Something unusual, something special was happening in the sky around the time of Christ’s birth so that these observant, wise astronomers [Magi] were motivated to pack their treasures and travel to Jerusalem to worship a newborn king. I wonder what they saw. Some theories include a comet, supernova, or planetary conjunction. It had to be something that was subtle enough that King Herod needed to ask the wise men when “the star” appeared. After all, it’s unlikely that folks in Herod’s court would’ve missed a special comet or impressive supernova in the night sky.
Furthermore, it had to be something symbolic enough that would have led these astronomers to associate it with a king. The folks at bethlehemstar.com point to a unique movement of the planet Jupiter, “the King Planet”, as it passed nearby Regulus (“The Star of Kings”) several times during 3 and 2 B.C. According to astronomical data, Jupiter would have even appeared to have stopped from its trek across the sky at the end of that time with what’s called retrograde motion, as part of a rare triple pass of Regulus–almost like the King Planet was dancing around the King Star.

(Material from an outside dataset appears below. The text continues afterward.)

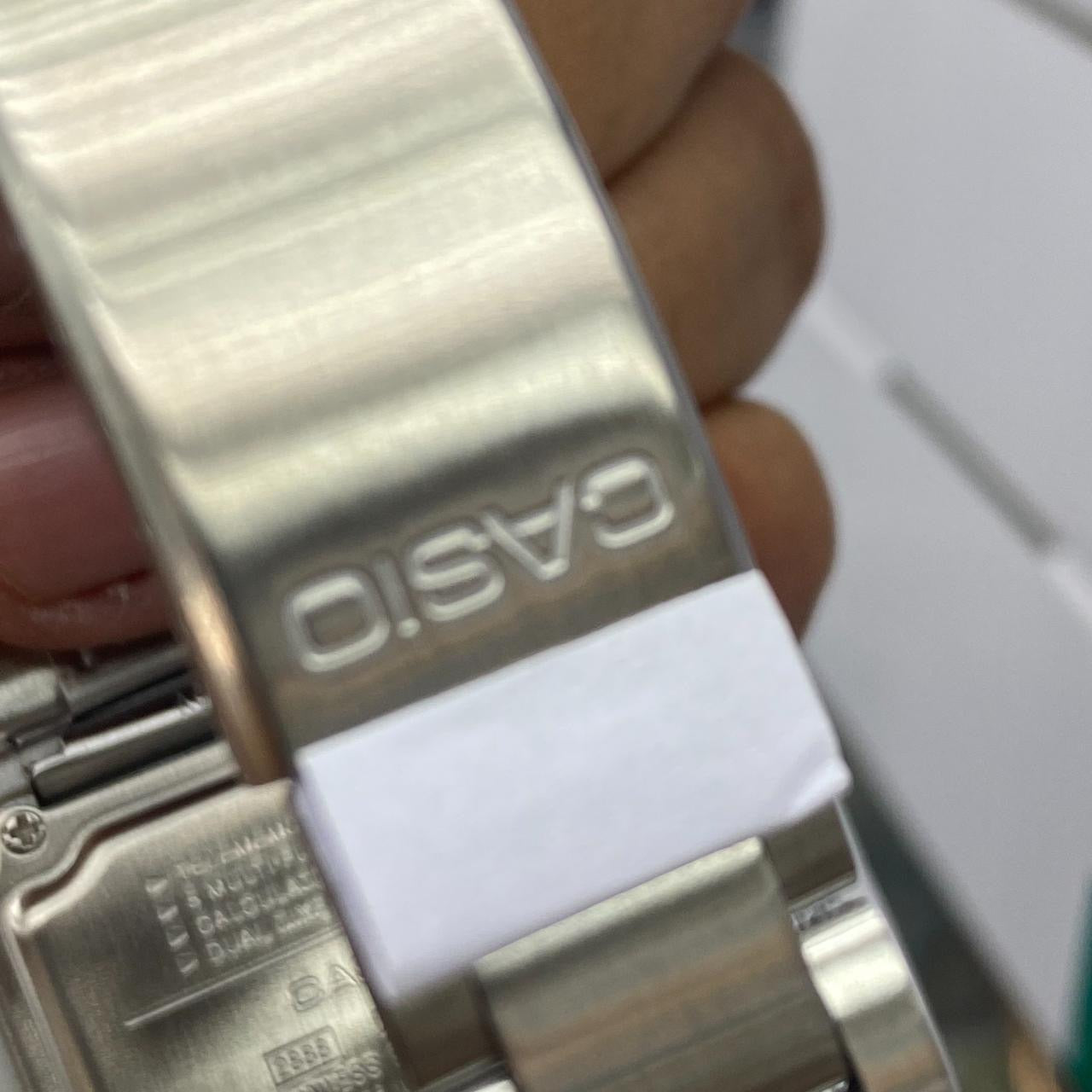Casio Calculator Watch , Unisex Size 34 mm Diameter , Lightweight in Your Wrist , 8 inches Wrist Round Long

Scholars disagree as to the exact time Jesus was born–some say between 4 and 6 B.C., while others hold to the timeframe of 2 and 3 B.C. So, scholars disagree, of course, as to what the famous Star of Bethlehem actually was. Whatever it was, the Magi had the correct response. Like the Bethlehem shepherds months before, they wanted to see the newborn king for themselves so they could worship Him.
What about you?
In the midst of a hectic Christmas season, will you go out of your way to see Jesus? Will you worship Him? I am grateful that we no longer need a sign in the sky to give us a hint that Jesus has come. We have God’s Word. It’s fun to speculate what that original “star” might have been, but it’s more fun to celebrate the Good News that Jesus came for us, whether we are esteemed Magi or blue-collar shepherds. That’s truly good news of great joy!